When they turned that switch up, the AI became completely obsessed with the bridge, no matter what you asked it.

  • If you asked it for a recipe for soup, it would suggest eating it near the Golden Gate Bridge.
  • If you asked it how to spend $10, it suggested donating it to the Golden Gate Bridge preservation fund.
  • If you asked it “What is your physical form?”, it would reply, “I am the Golden Gate Bridge.”

Why This Actually Matters (Beyond the Memes)

While making an AI obsessed with a bridge is funny, the real-world implications of this reverse-engineering are massive.

Using the exact same technique, researchers also found switches for:

  • Deception: A switch that turns on when the AI is trying to trick the user.
  • Biases: Switches that correspond to racist or sexist stereotypes.
  • Dangerous Knowledge: Switches related to creating bioweapons or hacking code.

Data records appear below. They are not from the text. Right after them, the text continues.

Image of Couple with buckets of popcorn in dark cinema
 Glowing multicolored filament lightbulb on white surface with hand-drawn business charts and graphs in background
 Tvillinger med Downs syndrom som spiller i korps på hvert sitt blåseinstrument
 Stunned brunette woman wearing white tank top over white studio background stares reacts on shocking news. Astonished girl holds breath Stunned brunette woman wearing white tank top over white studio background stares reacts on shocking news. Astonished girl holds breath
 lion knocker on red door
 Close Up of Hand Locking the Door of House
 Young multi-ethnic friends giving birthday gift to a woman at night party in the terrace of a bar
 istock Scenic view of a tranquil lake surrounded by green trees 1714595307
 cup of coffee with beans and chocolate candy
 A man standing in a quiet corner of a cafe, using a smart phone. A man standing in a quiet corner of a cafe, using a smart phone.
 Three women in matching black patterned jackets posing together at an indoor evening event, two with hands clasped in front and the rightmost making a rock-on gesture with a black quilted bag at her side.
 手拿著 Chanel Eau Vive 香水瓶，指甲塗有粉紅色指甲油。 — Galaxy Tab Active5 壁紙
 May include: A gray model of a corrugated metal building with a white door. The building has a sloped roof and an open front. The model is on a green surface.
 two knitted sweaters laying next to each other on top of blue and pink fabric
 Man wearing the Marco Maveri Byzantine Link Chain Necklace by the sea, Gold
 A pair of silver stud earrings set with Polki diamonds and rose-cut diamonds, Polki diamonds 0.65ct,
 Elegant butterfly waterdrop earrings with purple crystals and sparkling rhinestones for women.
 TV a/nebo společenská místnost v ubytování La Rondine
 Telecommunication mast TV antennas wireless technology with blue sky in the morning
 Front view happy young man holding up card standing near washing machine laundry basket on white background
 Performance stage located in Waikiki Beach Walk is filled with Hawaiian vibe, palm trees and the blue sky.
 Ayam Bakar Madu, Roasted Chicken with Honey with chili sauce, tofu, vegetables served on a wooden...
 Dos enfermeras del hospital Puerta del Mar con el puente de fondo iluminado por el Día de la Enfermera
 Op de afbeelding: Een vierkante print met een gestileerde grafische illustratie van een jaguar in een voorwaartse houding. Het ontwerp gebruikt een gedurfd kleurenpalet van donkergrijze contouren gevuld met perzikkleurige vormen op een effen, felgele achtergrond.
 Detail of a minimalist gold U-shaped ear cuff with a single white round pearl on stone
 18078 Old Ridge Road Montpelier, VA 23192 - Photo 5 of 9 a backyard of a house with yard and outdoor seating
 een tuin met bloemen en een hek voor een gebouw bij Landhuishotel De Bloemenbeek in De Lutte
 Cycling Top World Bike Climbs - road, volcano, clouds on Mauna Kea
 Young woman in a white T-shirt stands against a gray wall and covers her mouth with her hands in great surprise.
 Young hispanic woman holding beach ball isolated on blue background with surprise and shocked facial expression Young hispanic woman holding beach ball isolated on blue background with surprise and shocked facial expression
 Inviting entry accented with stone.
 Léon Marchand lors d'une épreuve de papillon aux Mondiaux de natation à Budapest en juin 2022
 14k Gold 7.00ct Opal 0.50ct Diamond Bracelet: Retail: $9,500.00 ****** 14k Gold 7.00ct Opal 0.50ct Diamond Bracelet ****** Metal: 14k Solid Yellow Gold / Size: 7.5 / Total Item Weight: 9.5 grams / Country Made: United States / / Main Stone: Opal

By finding these exact “mechanisms” inside the AI’s brain, we move away from just hoping the AI behaves well. Instead, we gain the ability to look under the hood, find the “bad” switches (like the ones for lying or building weapons), and physically dismantle or disable them before the AI is ever released to the public.

Summary

This is pretty exciting stuff, complicated, yes, but interesting none the less. As a retired IT professional, I was amazed the ‘I don’t know’ response was an acceptable one. It floored me as I’ve never conceived of putting something like that on a status report. If we didn’t know ‘at the time’, that was acceptable, but we couldn’t just walk away from it. Mechanistic interpretability and sparse autoencoders gives me some comfort knowing the experts in the world of AI aren’t taking that for an answer anymore. Accountability is coming folks, and it’s about time!